§ Work order:
Where the material below has a line containing "Preview for 14", start repeating exactly, and keep going through the line containing "Pivné nápisy RememBEER", with no other lines.

§ Supplied records:
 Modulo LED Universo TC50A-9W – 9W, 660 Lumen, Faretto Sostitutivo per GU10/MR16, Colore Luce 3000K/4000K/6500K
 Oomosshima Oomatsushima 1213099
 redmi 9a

* * *

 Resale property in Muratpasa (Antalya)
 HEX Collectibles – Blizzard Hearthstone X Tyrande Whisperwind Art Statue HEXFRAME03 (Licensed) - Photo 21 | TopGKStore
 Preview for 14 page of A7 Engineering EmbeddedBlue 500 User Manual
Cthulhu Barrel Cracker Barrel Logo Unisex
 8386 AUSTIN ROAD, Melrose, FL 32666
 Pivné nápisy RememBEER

§ Expected answer:
 Preview for 14 page of A7 Engineering EmbeddedBlue 500 User Manual
Cthulhu Barrel Cracker Barrel Logo Unisex
 8386 AUSTIN ROAD, Melrose, FL 32666
 Pivné nápisy RememBEER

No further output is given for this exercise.